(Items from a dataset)
::::::::
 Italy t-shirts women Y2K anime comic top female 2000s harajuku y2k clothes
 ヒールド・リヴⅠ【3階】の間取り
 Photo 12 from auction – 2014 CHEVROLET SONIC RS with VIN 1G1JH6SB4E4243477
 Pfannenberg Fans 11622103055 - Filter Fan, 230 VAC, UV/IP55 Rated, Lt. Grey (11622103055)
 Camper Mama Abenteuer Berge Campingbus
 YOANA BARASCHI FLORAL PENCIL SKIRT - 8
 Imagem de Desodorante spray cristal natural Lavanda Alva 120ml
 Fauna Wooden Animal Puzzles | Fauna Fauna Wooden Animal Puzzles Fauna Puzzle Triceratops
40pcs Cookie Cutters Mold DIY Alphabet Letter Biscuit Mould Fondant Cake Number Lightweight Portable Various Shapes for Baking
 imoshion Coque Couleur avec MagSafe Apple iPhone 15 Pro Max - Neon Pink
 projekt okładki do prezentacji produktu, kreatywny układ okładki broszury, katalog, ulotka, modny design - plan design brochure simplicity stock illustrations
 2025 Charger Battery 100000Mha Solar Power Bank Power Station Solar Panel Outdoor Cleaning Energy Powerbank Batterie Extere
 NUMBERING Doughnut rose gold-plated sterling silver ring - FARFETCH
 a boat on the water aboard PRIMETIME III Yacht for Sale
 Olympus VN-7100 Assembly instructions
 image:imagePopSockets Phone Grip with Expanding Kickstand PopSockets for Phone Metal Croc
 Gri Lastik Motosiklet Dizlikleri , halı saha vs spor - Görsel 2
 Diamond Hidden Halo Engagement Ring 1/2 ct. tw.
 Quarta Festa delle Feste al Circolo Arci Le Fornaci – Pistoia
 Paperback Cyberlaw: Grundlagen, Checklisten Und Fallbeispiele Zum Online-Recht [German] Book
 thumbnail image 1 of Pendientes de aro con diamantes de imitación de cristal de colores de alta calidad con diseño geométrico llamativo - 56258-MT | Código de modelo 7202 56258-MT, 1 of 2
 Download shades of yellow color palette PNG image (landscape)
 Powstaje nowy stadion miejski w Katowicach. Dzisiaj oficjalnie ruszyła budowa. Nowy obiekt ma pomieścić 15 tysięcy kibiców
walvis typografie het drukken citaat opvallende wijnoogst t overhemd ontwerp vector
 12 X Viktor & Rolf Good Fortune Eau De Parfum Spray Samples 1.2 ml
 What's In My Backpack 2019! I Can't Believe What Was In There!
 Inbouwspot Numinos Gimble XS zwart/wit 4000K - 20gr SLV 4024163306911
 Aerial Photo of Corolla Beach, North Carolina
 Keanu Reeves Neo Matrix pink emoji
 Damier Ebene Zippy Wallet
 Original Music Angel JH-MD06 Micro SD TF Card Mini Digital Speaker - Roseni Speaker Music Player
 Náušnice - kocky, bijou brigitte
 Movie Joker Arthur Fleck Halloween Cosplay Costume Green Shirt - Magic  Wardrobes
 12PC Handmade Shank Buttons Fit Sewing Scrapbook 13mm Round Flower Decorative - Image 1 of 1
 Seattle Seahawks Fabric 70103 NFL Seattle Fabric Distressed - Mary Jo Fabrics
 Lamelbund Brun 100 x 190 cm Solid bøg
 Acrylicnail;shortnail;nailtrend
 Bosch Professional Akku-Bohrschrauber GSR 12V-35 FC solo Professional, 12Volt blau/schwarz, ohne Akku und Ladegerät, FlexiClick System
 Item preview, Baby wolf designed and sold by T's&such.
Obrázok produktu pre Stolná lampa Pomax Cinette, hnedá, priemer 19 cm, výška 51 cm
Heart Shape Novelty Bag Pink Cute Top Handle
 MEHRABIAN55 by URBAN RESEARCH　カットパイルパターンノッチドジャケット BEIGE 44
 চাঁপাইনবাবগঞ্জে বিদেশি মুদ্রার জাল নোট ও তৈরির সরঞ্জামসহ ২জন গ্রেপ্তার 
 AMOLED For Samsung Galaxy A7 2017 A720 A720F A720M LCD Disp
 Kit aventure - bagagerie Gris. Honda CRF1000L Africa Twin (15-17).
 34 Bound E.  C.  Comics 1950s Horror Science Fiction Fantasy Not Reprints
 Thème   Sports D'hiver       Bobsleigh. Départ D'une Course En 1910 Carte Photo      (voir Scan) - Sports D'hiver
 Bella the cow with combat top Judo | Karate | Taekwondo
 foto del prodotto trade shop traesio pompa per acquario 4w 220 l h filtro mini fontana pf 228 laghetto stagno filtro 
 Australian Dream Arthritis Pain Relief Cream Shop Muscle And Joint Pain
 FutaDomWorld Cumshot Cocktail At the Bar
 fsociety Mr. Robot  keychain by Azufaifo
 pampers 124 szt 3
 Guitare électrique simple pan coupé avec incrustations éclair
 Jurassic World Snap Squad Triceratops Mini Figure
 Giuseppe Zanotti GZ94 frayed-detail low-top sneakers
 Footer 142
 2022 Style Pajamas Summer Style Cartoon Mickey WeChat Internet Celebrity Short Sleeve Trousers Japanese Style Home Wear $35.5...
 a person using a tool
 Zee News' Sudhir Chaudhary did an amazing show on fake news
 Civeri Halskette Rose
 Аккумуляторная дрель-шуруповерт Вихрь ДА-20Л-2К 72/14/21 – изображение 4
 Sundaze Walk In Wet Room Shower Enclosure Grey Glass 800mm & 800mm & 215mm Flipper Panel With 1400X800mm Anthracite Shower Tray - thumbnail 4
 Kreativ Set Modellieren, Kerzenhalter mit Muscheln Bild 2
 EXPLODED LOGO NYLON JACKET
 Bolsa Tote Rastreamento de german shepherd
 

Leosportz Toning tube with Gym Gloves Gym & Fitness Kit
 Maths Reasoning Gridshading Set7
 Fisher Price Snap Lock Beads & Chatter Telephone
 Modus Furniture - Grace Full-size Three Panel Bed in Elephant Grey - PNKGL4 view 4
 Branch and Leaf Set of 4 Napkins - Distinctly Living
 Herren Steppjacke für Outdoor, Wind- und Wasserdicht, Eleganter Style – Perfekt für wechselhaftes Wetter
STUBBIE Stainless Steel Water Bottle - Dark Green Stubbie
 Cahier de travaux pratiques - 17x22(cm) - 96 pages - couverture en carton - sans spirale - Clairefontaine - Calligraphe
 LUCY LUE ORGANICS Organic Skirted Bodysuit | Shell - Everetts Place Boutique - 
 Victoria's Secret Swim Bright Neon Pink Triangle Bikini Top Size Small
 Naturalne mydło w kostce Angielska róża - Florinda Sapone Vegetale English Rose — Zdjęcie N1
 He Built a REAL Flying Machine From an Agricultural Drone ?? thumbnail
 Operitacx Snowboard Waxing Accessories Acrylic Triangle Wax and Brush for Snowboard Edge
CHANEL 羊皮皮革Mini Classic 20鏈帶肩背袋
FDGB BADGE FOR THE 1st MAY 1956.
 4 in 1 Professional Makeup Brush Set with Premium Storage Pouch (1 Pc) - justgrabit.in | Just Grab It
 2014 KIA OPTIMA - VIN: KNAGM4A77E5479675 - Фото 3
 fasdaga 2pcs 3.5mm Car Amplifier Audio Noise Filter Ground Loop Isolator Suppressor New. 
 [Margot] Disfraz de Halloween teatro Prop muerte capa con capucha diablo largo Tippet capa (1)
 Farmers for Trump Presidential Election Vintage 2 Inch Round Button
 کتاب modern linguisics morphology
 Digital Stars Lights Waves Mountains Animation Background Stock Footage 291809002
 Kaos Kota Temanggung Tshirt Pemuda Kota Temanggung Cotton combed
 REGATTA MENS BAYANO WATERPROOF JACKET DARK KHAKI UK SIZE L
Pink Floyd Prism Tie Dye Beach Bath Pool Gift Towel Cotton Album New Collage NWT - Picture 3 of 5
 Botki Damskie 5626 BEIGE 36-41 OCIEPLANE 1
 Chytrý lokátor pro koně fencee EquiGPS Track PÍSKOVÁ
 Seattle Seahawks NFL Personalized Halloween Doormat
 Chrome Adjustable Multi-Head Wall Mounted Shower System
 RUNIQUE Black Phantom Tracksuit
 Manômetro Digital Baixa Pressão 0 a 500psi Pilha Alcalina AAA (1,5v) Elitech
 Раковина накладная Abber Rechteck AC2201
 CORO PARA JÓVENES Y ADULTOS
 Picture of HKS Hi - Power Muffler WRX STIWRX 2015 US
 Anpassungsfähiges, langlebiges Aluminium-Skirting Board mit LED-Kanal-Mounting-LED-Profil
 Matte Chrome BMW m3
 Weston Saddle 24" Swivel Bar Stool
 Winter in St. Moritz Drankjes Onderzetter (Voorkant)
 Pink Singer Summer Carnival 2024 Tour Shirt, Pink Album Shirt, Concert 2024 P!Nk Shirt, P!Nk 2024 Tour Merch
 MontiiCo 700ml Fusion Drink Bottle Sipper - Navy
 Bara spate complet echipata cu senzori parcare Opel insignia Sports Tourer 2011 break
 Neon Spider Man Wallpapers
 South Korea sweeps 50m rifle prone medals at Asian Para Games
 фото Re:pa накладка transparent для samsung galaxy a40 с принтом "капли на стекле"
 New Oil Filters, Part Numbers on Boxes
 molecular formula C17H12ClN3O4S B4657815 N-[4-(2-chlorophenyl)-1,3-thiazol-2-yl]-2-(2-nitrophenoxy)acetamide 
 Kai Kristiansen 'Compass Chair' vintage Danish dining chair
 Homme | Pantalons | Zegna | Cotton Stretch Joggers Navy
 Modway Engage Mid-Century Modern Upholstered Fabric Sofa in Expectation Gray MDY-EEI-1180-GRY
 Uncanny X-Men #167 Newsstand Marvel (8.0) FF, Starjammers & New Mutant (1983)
::::::::
Retype exactly the lines above, from the one with "Swivel Bar Stool" through the one with "molecular formula C17H12ClN3O4S", inclusive.

 Weston Saddle 24" Swivel Bar Stool
 Winter in St. Moritz Drankjes Onderzetter (Voorkant)
 Pink Singer Summer Carnival 2024 Tour Shirt, Pink Album Shirt, Concert 2024 P!Nk Shirt, P!Nk 2024 Tour Merch
 MontiiCo 700ml Fusion Drink Bottle Sipper - Navy
 Bara spate complet echipata cu senzori parcare Opel insignia Sports Tourer 2011 break
 Neon Spider Man Wallpapers
 South Korea sweeps 50m rifle prone medals at Asian Para Games
 фото Re:pa накладка transparent для samsung galaxy a40 с принтом "капли на стекле"
 New Oil Filters, Part Numbers on Boxes
 molecular formula C17H12ClN3O4S B4657815 N-[4-(2-chlorophenyl)-1,3-thiazol-2-yl]-2-(2-nitrophenoxy)acetamide 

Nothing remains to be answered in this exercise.